Pour entraîner un système de vision par ordinateur, vous lui donneriez généralement une énorme collection d’images. Tout d’abord, vous lui montreriez de nombreux exemples de correspondances positives à la chose que vous voulez qu’il identifie. Ensuite, vous lui montreriez des exemples de négatifs, des choses qui sont différentes de ce que vous voulez identifier. Mais dans le cas de matériel d’exploitation de cette nature, les chercheurs ne sont pas autorisés à le posséder. C’est là qu’intervient la collaboration avec la GRC pour mener des expériences.

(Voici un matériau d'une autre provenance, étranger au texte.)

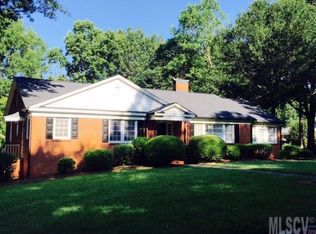 521 10th St NW, Hickory, NC 28601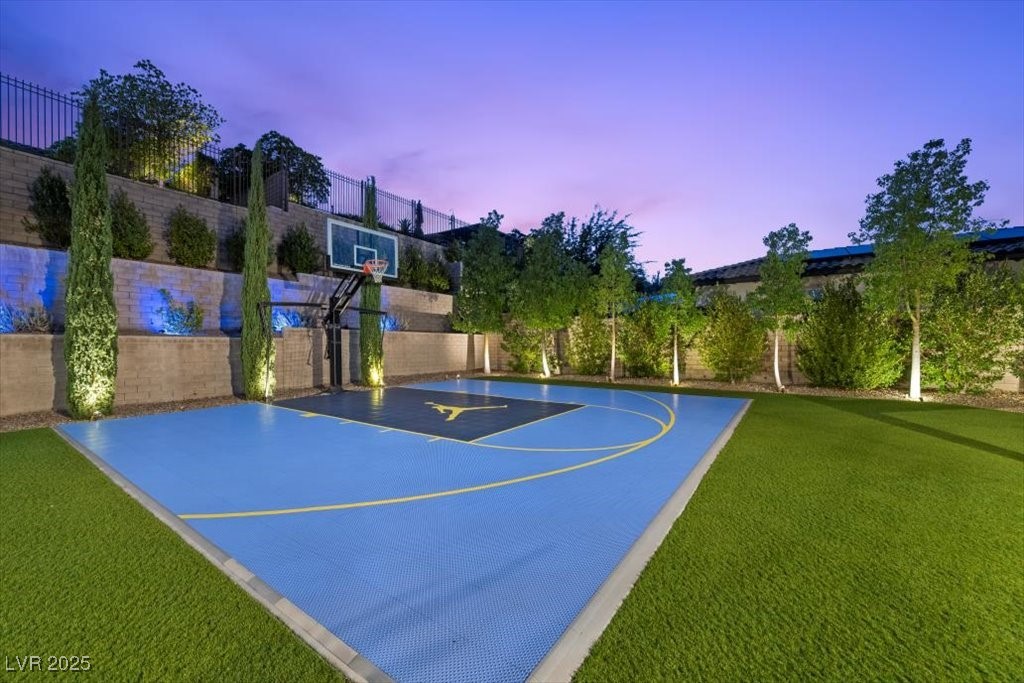 12119 Castilla Rain Avenue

À l’aide d’un modèle d’apprentissage profond open source, les chercheurs ont été en mesure de déterminer l’âge d’une personne sur une photo en trois ans avec une précision de 84%. L’objectif est d’être en mesure d’identifier la démographie des âges de 0 à 13 ans dans les images afin que la GRC puisse prioriser les victimes prépubères.

« C’est certainement avec le cœur lourd quand vous parlez de ces questions », dit Leitch. « J’ai cinq enfants et les choses sur lesquelles nous avons travaillé ont forcé à avoir des conversations difficiles avec eux sur le monde dans lequel nous vivons. »

Finalement, Two Hat espère développer une vision du système informatique qui est si précise pour détecter le matériel d’exploitation sexuelle des enfants que les réseaux sociaux comme Facebook pourraient l’utiliser pour empêcher le contenu d’être téléchargé. Même lorsque les adolescents font preuve d’erreur de jugement et tentent d’envoyer leur propre matériel illicite via des outils de médias sociaux, intervenir avec un avertissement fort sur les conséquences possibles pourrait servir à les amener à repenser l’action.

Des outils tels que le service cloud PhotoDNA de Microsoft offrent des services similaires pour identifier et supprimer les images illégales aujourd’hui, mais encore une fois, il est basé sur du matériel qui a déjà été documenté et qui est connu des forces de l’ordre.

« Ce serait la principale occasion d’aider les réseaux sociaux à filtrer ce contenu indésirable », dit-il. « Plus tôt nous remettrons cela entre les mains des forces de l’ordre, mieux ce seront les enfants qui s’en sortiront. »

Aide à la police partout au Canada

Dans l’unité de Guerin à la GRC, il voit un fort potentiel pour l’outil de réduire le temps qu’il faut pour trier les images qui nécessitent l’attention immédiate d’un enquêteur. Il pourrait être utilisé pour passer au crible les bases de données où les documents déclarés sont soumis par l’industrie, par d’autres unités de police et par le public.

« Cela le rend plus sûr pour l’enfant et nous permet également d’accélérer le sauvetage de cet enfant », dit-il.

Pour aider à assurer le bon déroulement possible des expériences, Guerin a recruté un agent qui avait été basé dans le bureau du DPI de la GRC et qui avait déjà effectué des travaux avec des unités de traitement graphique. Il ne faudra pas longtemps avant que le système soit partagé à travers le pays pour tout effort d’application de la loi confronté au même genre de problème.

« Nous pouvons leur donner la capacité d’appliquer l’algorithme au matériel et maximiser notre capacité à trouver et à sauver les enfants et à réduire le temps qu’il faut pour analyser tout ce matériel », dit-il.

Et cela pourrait aider les enquêteurs, lorsqu’ils rentrent chez eux le soir, à avoir l’impression d’avoir fait tout ce qu’ils pouvaient pour trouver et aider les enfants victimes d’un crime troublant.